What the task asks: Copy, exactly as written, the lines that begin at the one containing "Hey guys, it's" and end at the one containing "Hello Mitch, this". Skip any pictures in the data below.
________
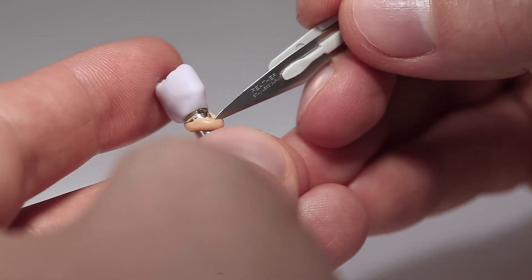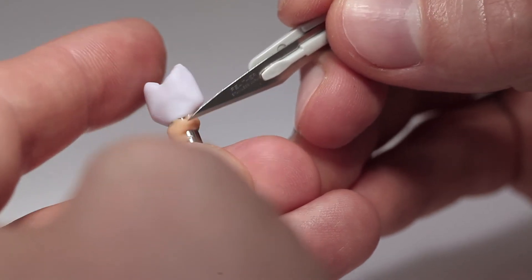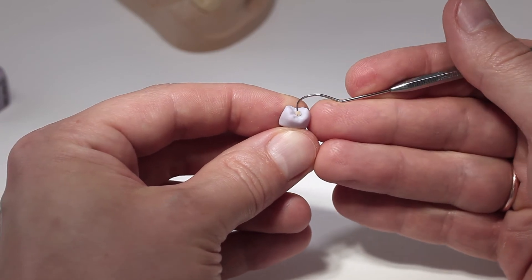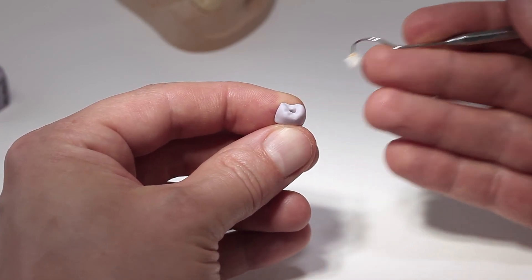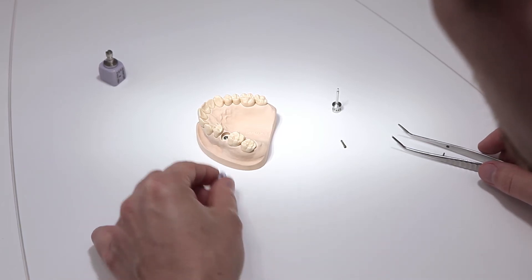Carefully remove protruding excess material using a suitable instrument such as a scalpel. Also remove the foam pellet and excess Virtual extra light body fast set from the screw channel. You are now ready to carry out the clinical try-in.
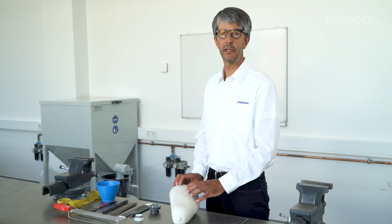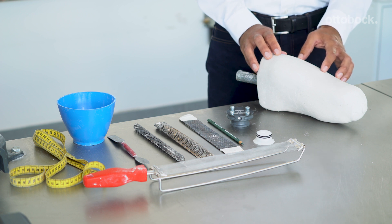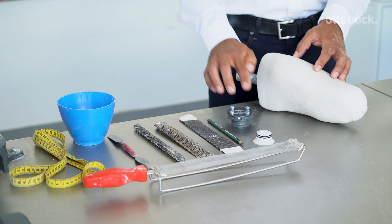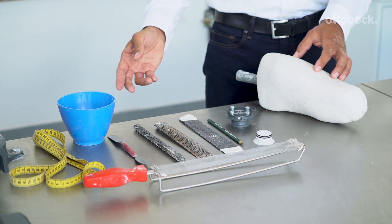Hello. In this video we will show you what you need to know when plaster casting and modifying the cast for the DVS. The following materials and tools are needed: the plaster cast, the DVS piston dummy, the DVS housing, and the plaster rectification tools.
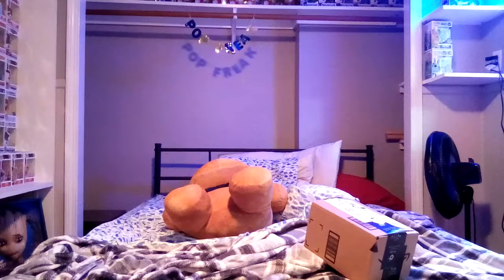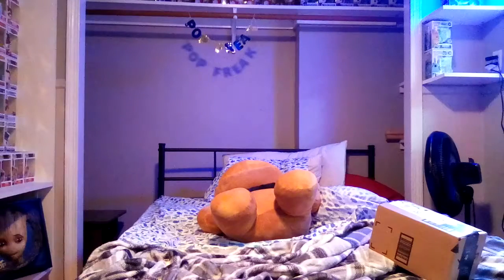Hey guys, it's Pop Freak. Brando, come on man, you gotta join the camera — okay, he hasn't. Sorry guys, I thought Brando was gonna put on a show for you guys like what he did last time. He pushed the camera down. But yeah guys, if you're wondering what that light is over there, look what I got — a Funko light-up LED thing. It's super cool and it's gonna look excellent.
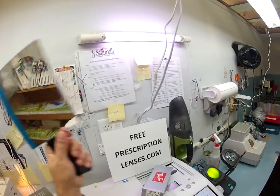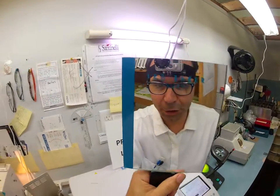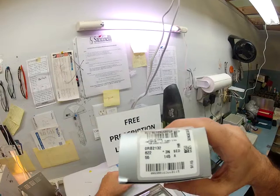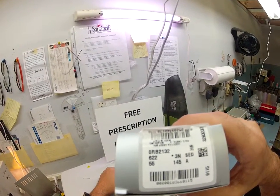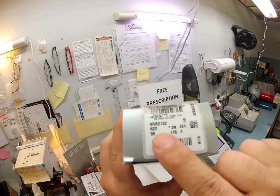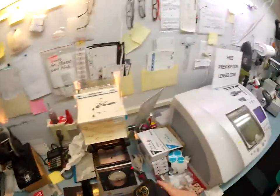Hello Mitch, this is Matthew with FreePrescriptionLenses.com and with the help of my GoPro camera, I'm going to show you how I cut your prescription lenses for your Ray-Ban 21-32, color 6-2-2, and size 55, the large. You saw me wearing the smaller 52, you are getting the larger 55, and the new Wayfarer, and the black rubber. Let's go ahead and take everything out of its original packaging.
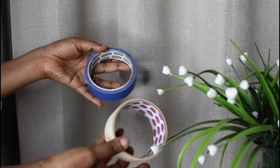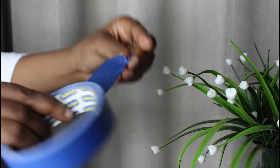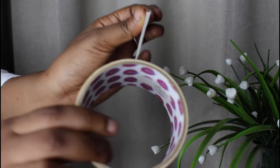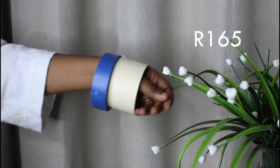Masking tape is a lightly adhesive, easy-to-tear paper tape that can be smoothly applied and removed without leaving marks or damage. It's traditionally known as painters tape and comes in a variety of widths and designs for use in painting or to mask off areas that should not be painted. As a beginner DIYer you cannot go without masking tape — I use it a lot, so definitely get yourself some.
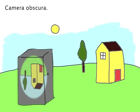Now it's your turn. Try making a camera obscura at home. You can use a cardboard box or you can darken a room in your house. Simply cut an opening to allow light to come in and enjoy the projection. That's how you do it.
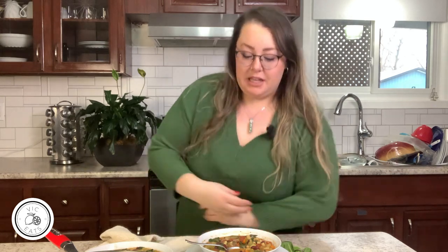Hello everyone and welcome to my channel, welcome to the Vic Eats Kitchen. This is my first long-form video on YouTube. I'm very excited because today we're going to be making minestrone soup.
________
Expected answer:
Hey guys, it's Pop Freak. Brando, come on man, you gotta join the camera — okay, he hasn't. Sorry guys, I thought Brando was gonna put on a show for you guys like what he did last time. He pushed the camera down. But yeah guys, if you're wondering what that light is over there, look what I got — a Funko light-up LED thing. It's super cool and it's gonna look excellent.
Hello Mitch, this is Matthew with FreePrescriptionLenses.com and with the help of my GoPro camera, I'm going to show you how I cut your prescription lenses for your Ray-Ban 21-32, color 6-2-2, and size 55, the large. You saw me wearing the smaller 52, you are getting the larger 55, and the new Wayfarer, and the black rubber. Let's go ahead and take everything out of its original packaging.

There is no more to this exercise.